━━━━━ Information supplied ━━━━━
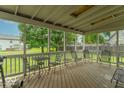 Relaxing screened patio featuring a wooden floor and comfortable seating arrangement at 6937 Thousand Oaks Dr, Indianapolis, IN 46214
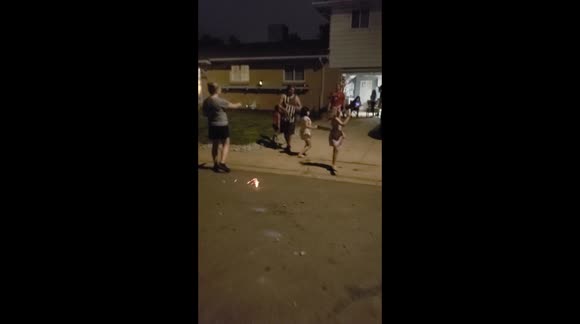 Little girls celebrating July 4th and dancing shadows with fireworks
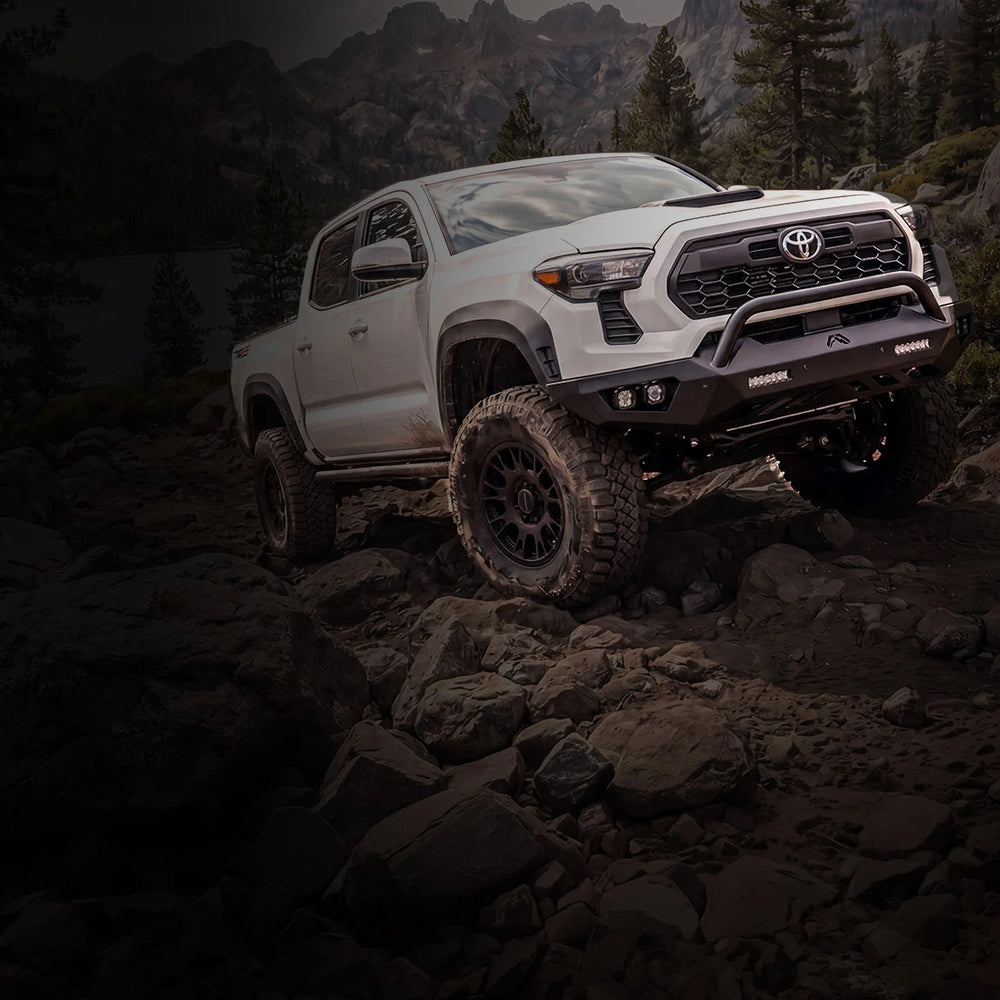 White truck with Fab Fours SmartSteel bumper on rocky terrain
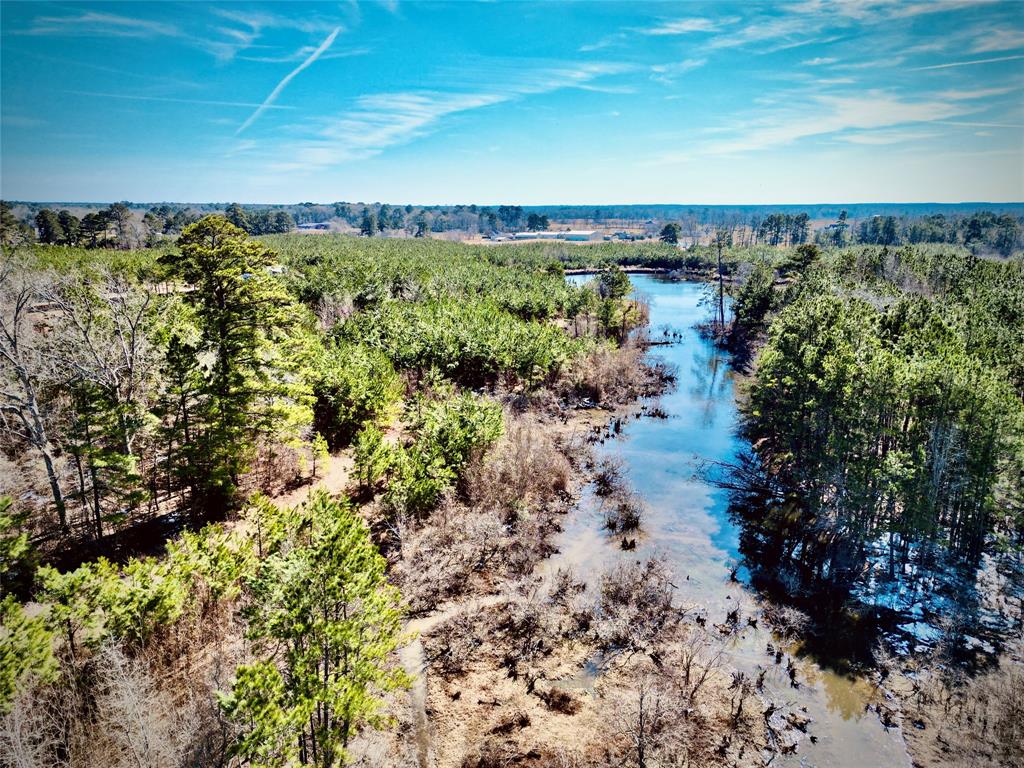0 Stonewall-Frierson Road Frierson, LA 71027 - Photo 10 of 22 a view of a lake with a building in back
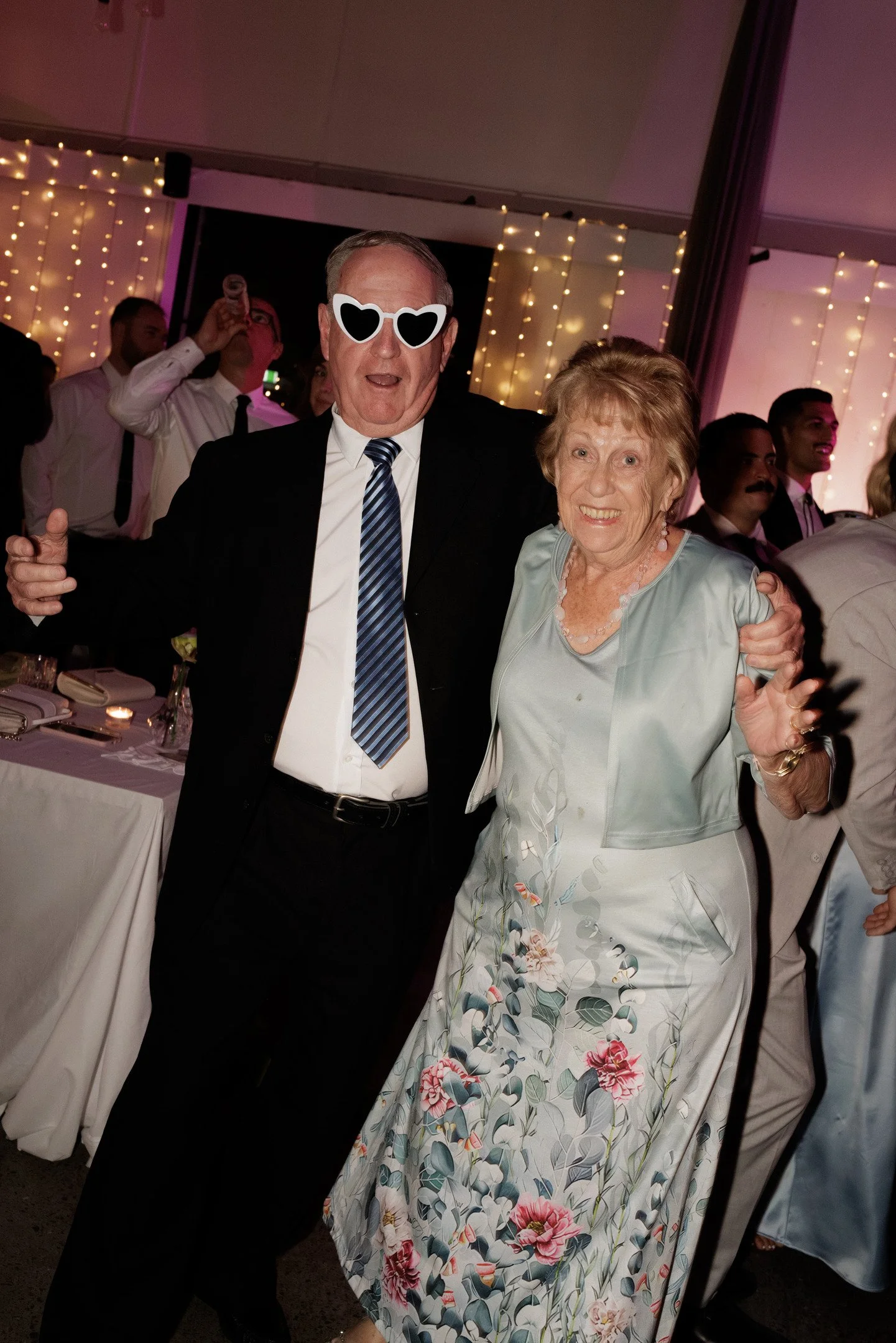 A man and an elderly woman dressed in formal attire celebrating at a party, with string lights and other guests in the background.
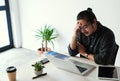 This headache is just making matters worse. a handsome young businessman looking stressed out and suffering from a Royalty Free Stock Photo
━━━━━
| How to complete this task |
Word for word, repeat all the data, but not its images.

| Result of the task |
 Relaxing screened patio featuring a wooden floor and comfortable seating arrangement at 6937 Thousand Oaks Dr, Indianapolis, IN 46214
 Little girls celebrating July 4th and dancing shadows with fireworks
 White truck with Fab Fours SmartSteel bumper on rocky terrain
0 Stonewall-Frierson Road Frierson, LA 71027 - Photo 10 of 22 a view of a lake with a building in back
 A man and an elderly woman dressed in formal attire celebrating at a party, with string lights and other guests in the background.
 This headache is just making matters worse. a handsome young businessman looking stressed out and suffering from a Royalty Free Stock Photo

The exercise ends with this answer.